Es hatte so viel Potential...leider wurde das verschenkt. Schade!

Von: Franzy Datum: 27.10.2016

franzyliestundlebt.blogspot.de/

Meine Meinung
Welch ein schrecklicher Gedanke - das Wasser wird knapp und das bisschen was es noch gibt, wird zu unmenschlichen Preisen angeboten. Da kostet ein Liter dann mal schnell zwischen 5 und 7 US$...also schlappe 4,50 bis 6,40€. Kaum zu glauben, wenn man sich eine 1,5 Liter Mineralwasserflasche schon für 0,19€ besorgen kann. Und wenn dann noch eine Durchschnittstemperatur von ungefähr 40°C herrscht ist die Katastrophe vorprogrammiert.

Doch was passiert, wenn es soweit kommt? Bei Geld hört die Freundschaft auf - und bei Wasser scheinbar auch. Menschlichkeit sucht man vergebens und absolute Kriminalität ist an der Tagesordnung. Stellenweise wird sogar gemordet.

Bacigalupi hat die Bevölkerung in drei Klassen eingeteilt.

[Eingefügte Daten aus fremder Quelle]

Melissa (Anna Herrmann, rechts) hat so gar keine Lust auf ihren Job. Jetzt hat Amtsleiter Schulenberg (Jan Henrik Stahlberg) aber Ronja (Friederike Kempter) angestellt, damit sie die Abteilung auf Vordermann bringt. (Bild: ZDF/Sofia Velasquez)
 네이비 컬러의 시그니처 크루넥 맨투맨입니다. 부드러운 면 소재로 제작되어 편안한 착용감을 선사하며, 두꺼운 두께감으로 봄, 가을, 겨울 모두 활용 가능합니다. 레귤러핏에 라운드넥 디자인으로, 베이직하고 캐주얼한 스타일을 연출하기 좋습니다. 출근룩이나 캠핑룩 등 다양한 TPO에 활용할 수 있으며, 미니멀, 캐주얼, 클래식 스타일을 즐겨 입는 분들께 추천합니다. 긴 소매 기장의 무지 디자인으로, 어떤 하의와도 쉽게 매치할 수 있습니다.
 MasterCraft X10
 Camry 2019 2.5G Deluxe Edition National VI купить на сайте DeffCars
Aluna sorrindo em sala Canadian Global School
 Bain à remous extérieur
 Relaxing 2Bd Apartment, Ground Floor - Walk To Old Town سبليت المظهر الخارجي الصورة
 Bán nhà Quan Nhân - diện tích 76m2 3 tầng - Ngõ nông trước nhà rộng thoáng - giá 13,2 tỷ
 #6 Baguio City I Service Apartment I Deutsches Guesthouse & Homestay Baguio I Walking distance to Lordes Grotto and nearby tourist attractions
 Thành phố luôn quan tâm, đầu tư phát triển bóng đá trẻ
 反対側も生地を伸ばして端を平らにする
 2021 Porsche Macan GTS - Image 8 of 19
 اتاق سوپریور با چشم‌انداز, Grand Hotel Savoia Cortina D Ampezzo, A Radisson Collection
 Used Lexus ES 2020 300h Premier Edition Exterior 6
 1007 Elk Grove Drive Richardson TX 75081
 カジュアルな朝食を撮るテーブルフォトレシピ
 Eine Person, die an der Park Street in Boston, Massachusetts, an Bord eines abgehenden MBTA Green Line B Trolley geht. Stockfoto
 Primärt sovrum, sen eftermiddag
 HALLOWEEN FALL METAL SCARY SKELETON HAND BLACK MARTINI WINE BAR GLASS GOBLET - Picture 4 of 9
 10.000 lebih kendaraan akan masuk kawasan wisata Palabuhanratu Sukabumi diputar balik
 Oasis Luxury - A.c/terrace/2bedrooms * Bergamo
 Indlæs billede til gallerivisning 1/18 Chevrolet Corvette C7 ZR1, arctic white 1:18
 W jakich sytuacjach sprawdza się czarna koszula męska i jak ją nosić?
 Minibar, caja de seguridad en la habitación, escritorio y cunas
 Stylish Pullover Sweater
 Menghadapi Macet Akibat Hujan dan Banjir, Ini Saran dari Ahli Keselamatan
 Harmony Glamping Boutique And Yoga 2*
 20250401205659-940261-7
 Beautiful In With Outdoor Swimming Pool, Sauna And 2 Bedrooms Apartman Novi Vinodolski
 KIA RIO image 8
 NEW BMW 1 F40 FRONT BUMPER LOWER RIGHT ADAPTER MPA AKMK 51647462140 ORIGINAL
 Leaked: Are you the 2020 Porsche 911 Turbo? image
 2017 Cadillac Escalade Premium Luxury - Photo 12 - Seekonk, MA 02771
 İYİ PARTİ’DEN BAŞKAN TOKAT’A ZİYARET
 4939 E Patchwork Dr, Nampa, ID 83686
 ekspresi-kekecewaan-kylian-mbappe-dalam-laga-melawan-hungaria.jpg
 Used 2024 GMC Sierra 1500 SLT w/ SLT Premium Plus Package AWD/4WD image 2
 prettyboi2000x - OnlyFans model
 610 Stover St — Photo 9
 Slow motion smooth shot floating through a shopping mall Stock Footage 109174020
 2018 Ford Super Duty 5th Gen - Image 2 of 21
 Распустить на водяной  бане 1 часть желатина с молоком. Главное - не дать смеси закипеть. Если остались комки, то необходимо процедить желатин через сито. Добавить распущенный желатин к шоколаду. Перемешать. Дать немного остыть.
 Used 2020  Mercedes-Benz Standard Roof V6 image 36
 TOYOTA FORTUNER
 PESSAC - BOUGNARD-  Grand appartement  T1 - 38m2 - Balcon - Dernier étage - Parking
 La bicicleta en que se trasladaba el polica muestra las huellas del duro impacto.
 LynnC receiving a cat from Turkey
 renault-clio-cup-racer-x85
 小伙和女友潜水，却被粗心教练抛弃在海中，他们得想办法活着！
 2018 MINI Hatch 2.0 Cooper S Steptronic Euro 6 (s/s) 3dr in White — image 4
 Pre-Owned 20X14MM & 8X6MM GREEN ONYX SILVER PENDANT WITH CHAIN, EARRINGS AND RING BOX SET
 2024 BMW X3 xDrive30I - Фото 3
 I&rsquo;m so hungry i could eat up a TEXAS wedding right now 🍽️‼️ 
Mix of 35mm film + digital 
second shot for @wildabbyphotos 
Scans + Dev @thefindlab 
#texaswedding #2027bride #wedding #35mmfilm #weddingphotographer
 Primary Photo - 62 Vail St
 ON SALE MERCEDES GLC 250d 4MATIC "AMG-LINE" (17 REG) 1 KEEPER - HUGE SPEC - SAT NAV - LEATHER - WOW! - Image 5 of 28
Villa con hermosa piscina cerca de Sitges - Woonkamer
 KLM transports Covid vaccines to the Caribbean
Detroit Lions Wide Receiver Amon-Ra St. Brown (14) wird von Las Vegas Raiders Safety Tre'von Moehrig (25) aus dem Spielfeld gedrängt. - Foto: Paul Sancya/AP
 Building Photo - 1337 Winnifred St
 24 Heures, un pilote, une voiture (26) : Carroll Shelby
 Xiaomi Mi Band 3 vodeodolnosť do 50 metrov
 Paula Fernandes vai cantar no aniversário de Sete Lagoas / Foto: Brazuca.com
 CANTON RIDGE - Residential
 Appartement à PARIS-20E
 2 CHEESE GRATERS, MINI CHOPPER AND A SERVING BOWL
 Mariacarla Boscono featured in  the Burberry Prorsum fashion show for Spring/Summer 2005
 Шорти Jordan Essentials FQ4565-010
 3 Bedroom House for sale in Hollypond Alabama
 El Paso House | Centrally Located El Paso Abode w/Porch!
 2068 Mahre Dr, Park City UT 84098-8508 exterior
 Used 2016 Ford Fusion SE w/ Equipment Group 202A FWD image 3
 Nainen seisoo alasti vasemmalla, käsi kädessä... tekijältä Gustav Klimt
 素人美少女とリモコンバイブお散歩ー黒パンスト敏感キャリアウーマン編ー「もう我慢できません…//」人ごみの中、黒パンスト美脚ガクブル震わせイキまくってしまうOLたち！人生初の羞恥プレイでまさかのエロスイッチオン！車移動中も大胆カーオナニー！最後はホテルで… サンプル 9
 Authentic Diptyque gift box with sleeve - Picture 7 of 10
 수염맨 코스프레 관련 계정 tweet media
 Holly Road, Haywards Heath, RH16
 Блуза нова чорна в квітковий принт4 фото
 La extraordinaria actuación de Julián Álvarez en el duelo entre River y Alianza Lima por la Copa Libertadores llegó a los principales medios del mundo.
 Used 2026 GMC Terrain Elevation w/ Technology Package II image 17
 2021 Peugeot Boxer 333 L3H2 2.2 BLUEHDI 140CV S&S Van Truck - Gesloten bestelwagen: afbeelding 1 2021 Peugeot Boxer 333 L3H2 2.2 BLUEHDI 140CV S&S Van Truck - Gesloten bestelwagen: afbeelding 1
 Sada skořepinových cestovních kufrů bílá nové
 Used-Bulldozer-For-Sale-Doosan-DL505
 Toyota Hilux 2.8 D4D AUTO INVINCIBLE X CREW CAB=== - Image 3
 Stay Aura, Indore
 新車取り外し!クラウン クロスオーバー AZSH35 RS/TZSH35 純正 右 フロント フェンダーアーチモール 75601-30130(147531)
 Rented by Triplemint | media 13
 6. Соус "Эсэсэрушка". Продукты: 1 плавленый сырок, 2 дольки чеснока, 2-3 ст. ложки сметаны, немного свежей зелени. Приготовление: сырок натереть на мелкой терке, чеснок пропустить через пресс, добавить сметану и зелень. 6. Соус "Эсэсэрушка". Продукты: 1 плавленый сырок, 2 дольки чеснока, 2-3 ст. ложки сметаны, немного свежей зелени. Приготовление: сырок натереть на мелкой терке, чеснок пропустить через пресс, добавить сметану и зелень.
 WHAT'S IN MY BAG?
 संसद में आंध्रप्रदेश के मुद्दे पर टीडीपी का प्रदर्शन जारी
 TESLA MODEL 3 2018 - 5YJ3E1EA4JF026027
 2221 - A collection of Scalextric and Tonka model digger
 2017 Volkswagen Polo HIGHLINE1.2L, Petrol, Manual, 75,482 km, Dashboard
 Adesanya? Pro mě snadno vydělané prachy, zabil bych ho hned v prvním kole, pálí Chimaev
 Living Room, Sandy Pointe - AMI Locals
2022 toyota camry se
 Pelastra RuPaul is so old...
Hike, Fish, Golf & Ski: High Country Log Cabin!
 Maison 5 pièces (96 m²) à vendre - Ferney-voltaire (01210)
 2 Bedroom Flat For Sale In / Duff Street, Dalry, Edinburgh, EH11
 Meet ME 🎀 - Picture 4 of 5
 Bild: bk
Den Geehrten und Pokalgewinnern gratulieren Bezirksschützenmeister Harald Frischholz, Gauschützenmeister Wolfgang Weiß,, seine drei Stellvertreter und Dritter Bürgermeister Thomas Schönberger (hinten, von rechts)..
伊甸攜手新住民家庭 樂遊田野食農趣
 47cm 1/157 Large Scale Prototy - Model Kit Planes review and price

- Die Reichen und Menschen mit Kontakten leben in Arkologien. Diese Prachtbauten beherbergen Pflanzen aller Art, Wasserfälle und Brunnen, in denen das Wasser einfach aus Dekorationsgründen fließt.

- Die Mittelschicht schlägt sich mit legalen Jobs durch - mal besser, mal schlechter - und besitzt Wassertanks in ihren Häusern.

- Die Unterschicht prostituiert sich für ein bisschen Geld und im besten Fall für eine Dusche. Dieses Privileg ist den Menschen in den Arkologien vorbehalten. Mit viel Glück dürfen sie nach getaner Arbeit nicht nur sich duschen, sondern auch ihre Kleidung waschen.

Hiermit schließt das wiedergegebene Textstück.